Hacker News new | ask | show | jobs
by chimprich 3400 days ago
OK, thanks - that sounds plausible on the face of it, but why wouldn't you store special characters and then ignore them when matching patterns? You could then make an exception for strings in quotes (or some other option for activating a more precise search).

Maybe Google hasn't previously thought the extra space/complexity was worth the special treatment but given the relative quantity of data they already index and the usefulness of this feature I'm surprised.

2 comments

[ex-Googler, used to work on search, this issue came up repeatedly during my tenure then].

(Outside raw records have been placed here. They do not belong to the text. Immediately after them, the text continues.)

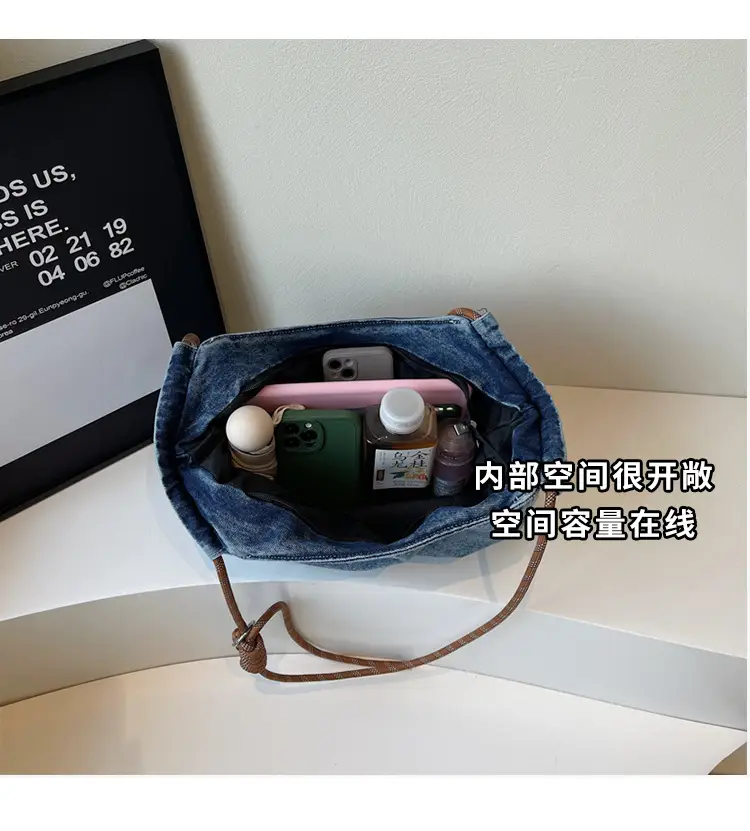 Women Denim Casual Shoulder Bag Large Capacity Lightweight — feature 9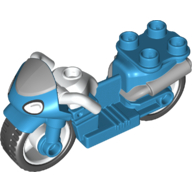 Duplo Motorcycle with Rubber Wheels, White Handlebars, Windscreen and Headlights Print (Dark Azure)
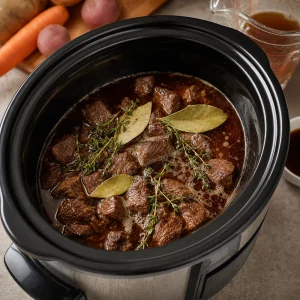 Beer broth bay leaves and thyme added to browned beef in the slow cooker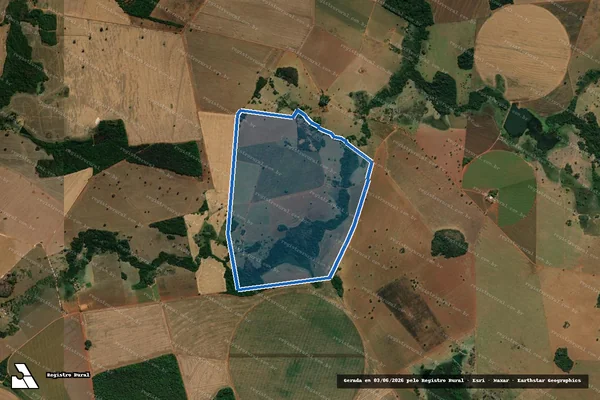 Imagem de satélite de FAZENDA SANTA BARBARA em Indiara - GO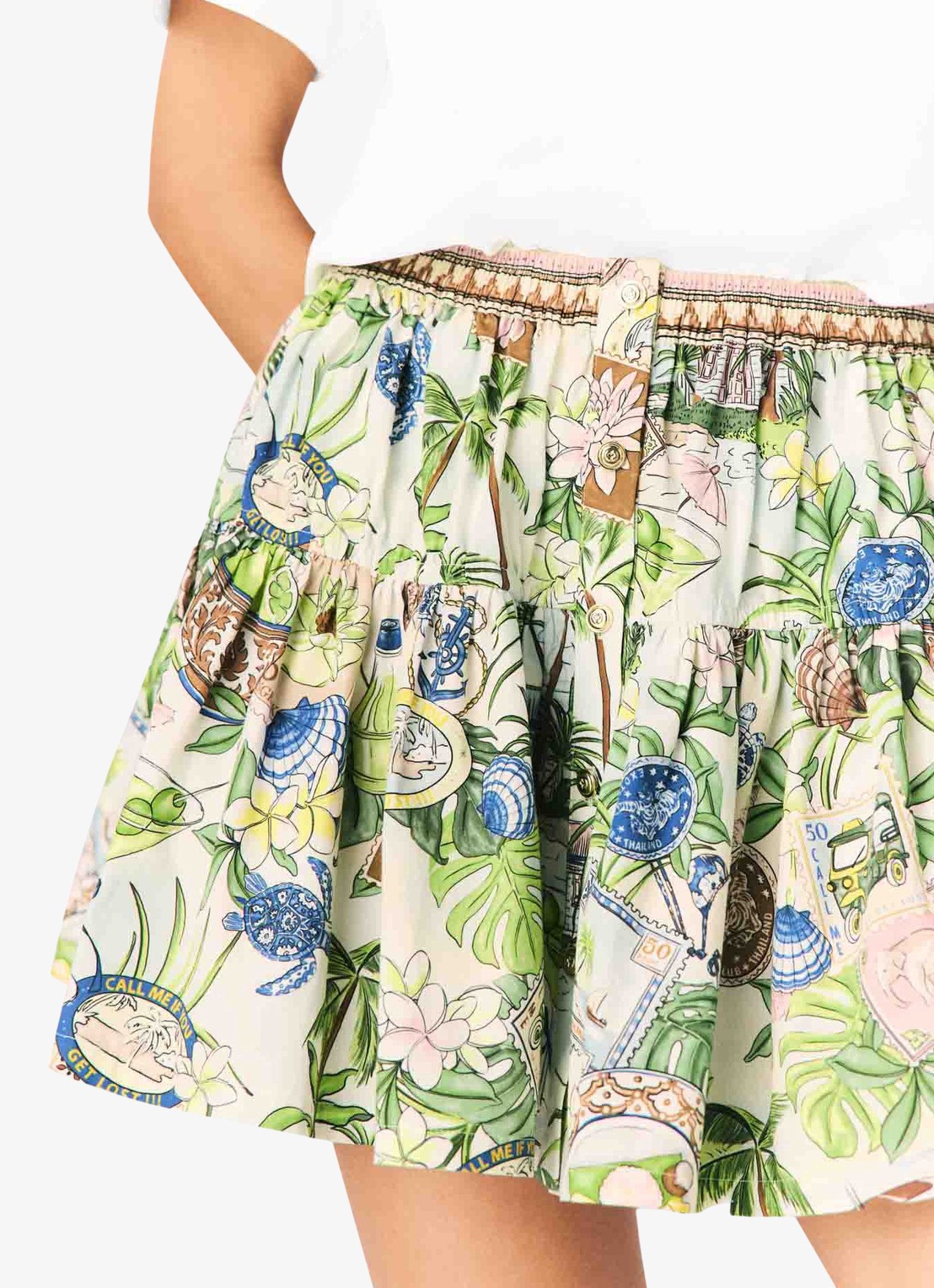 Maje Mini rok met plooien en print - detail 6 groen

The storage cost was prohibitive. Search engines rely on a data structure known as an inverted index; it's basically a list, for each token, of every document that contains the token, and for a context-aware search engine like Google it usually contains the position within the document of the token as well. Single-character punctuation marks like periods, commas, parentheses, dashes etc. appear in literally every sentence. That means that the inverted index for periods or commas would have to contain an entry for literally every single sentence on the web.

There's a similar problem for common words like 'a', 'the', prepositions, etc, but these are usually already solved by stopwording.

That's why this announcement only covers groups of punctuation with 2-3 characters. These don't appear in ordinary text, and so you can generate posting lists for them that are reasonably-sized. (I suspect that the economics of the index have changed as well, making storage costs cheaper, but this work happened after I left and so I don't know details.)

You need to double the size of the index. You now need an index with punctuation and without punctuation.

Previously if a document contained "(hello" it would just be stored in the index once: as "hello". With this change, it needs to be stored in the index twice, as "(hello" and "hello", so that people searching either term can find it.